Analysts split on impact of debate snub

For 4 leading candidates, it may make strategic sense to forgo minority issues forum

September 27, 2007|By Matthew Hay Brown and David Nitkin | Matthew Hay Brown and David Nitkin,Sun reporters

WASHINGTON -- Ken Mehlman, the former Republican National Committee chairman, calls tonight's GOP presidential debate at Morgan State University "an important opportunity."

Former Maryland Lt. Gov. Michael S. Steele calls it "crucial" that all of his party's candidates show up.

To former Arkansas Gov. Mike Huckabee, "it just doesn't make any sense" that his competitors would stay away.

Political analysts are divided over whether the decision by the four leading Republican candidates to skip the debate - set at a historically black college in Baltimore and focusing on issues of importance to minority voters - is likely to inflict enduring wounds.

Given the small number of African-Americans registered as Republicans and the propensity of black and Latino voters to favor Democratic candidates, many analysts say, the snub by Rudolph W. Giuliani, John McCain, Mitt Romney and Fred Thompson might make strategic sense.

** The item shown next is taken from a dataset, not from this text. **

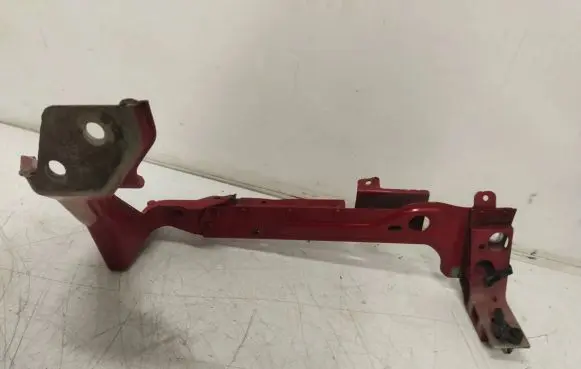 Jaguar XF X260 Headlight/headlamp mounting bracket 5000843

"There's no group that actually votes in the Republican primary that is going to hold it against these guys for either A, not courting the black vote, or B, not showing up at Morgan State," said Donald F. Norris, chairman of the department of public policy at the University of Maryland, Baltimore County.

"And there's everything to lose by showing up," Norris said. Participating could give the impression that they are sacrificing conservative tenets, which might "very well hurt you with some elements of the Republican base."

The decision to bypass the forum has provoked outrage from minority leaders, who say the Republican front-runners are casting aside the concerns of minority communities. Some GOP leaders have joined the criticism, saying the party should be reaching out to those who have not traditionally supported its candidates.

"If in the long run we're going to be a governing party, we're going to have to work with people of all backgrounds," said former House Speaker Newt Gingrich, who is pondering entering the primary.

"If you're losing 9-to-1 [among black voters] this year, you'd like to lose 8-to-1 next year and 7-to-1 the year after that," the Georgia Republican said. "That's how you build a majority."

Ronald Walters, a professor of government and politics at the University of Maryland, College Park, who has studied black political leadership, is among the few observers who believe that the top-tier candidates will suffer serious damage by skipping the debate.

The leading contenders, he said, "are canceling out any prospect that Republicans will attract the black vote or even maintain the 2004 level of the black Republican vote."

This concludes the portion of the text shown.